What to Consider When Selecting a Convection Oven

Little advancement in food preparation technology have brought such impressive results to the game like commercial convection ovens. Using force heat distributed via circulator fans, convection ovens cook faster and more efficiently than conventional gas or electric ovens.

Additionally, convection cooking produces more consistent texture, taste and quality with every dish or ingredient. It’s a must have for the modern commercial kitchen, but choosing the right one for your restaurant’s needs requires some forethought and planning. Here is an overview of what to consider when selecting a convection oven for your commercial kitchen.

Why Should You Add A Convection Oven?

As technology has continued to advance (convection ovens have been around for some time), so has the effectiveness of the convection process and the smaller footprint of commercial grade equipment. Convection ovens can now be purchased and installed as countertop, modular (rolls on casters/wheels), standalone and single or double oven models. It’s never been easier to add the power, speed and convenience of a commercial-grade convection oven to your restaurant’s arsenal of resources, and you have plenty of options for where and how to install them to best fit your layout.

How Will You Use Your Convection Oven Most?

The good news about convection ovens is they are superior kitchen workhorses regardless of how you implement them. They can be used for any of the typical gas/electric oven/commercial range cooking tasks like baking, broiling or roasting. One caveat is they are designed to cook quickly and evenly, so it’s best not to use them as food warmers.
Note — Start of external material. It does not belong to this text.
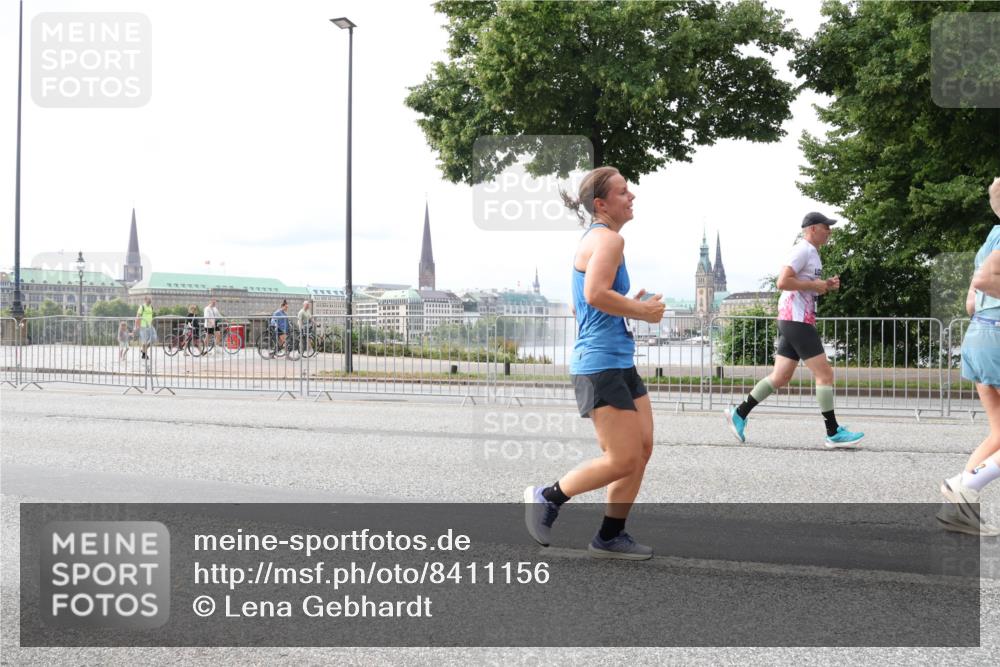 29.06.2025 - hella hamburg halbmarathon Lena Gebhardt http://msf.ph/oto/8411156 29.06.2025 10:25:18 Lombardsbrücke 1093, 1627, 1740, 2000, 2249, 2278, 3920, 3961, 3963, 4008, 4010, 5126, 5564, 5814, 6869, 7778, 8083, 8962, 9573, 9811, 9927, 10845, 10846, 11157, 11400, 11662, 11921, 13510, 13842, 14086, 14649, 15016, 15119, 15153, 15283, 15679, 15942, 16421, 16422, 17185, 17954, 18194, 18198 meine-sportfotos.de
For best results, experts recommend sticking to their primary cooking functions.

Where Do You Plan To Place Your Convection Oven?

There are many sizes and designs available for commercial-grade convection ovens, so chances are you can find one that’s the right fit for your kitchen. Fixed-installation is the most typical if you have the space available, but many restaurants with existing equipment are finding it difficult to find space even in large kitchens.

To resolve this problem, many manufacturers offer single and double convection ovens that can be rolled into position on wheels or casters as needed, then rolled back into another space when not in use. These modular units do need to have correctly configured connections and safety equipment, but they are every bit as safe and potentially more convenient than a fixed installation convection oven. Make certain there is also sufficient space for staff to move around the unit safely, too. Clearance is just as important as footprint.

Finally, keep in mind that high output/high voltage convection ovens, even if they have wheels or casters, aren’t always considered modular. You will need additional safety measures and equipment if they are to be used regularly in the kitchen.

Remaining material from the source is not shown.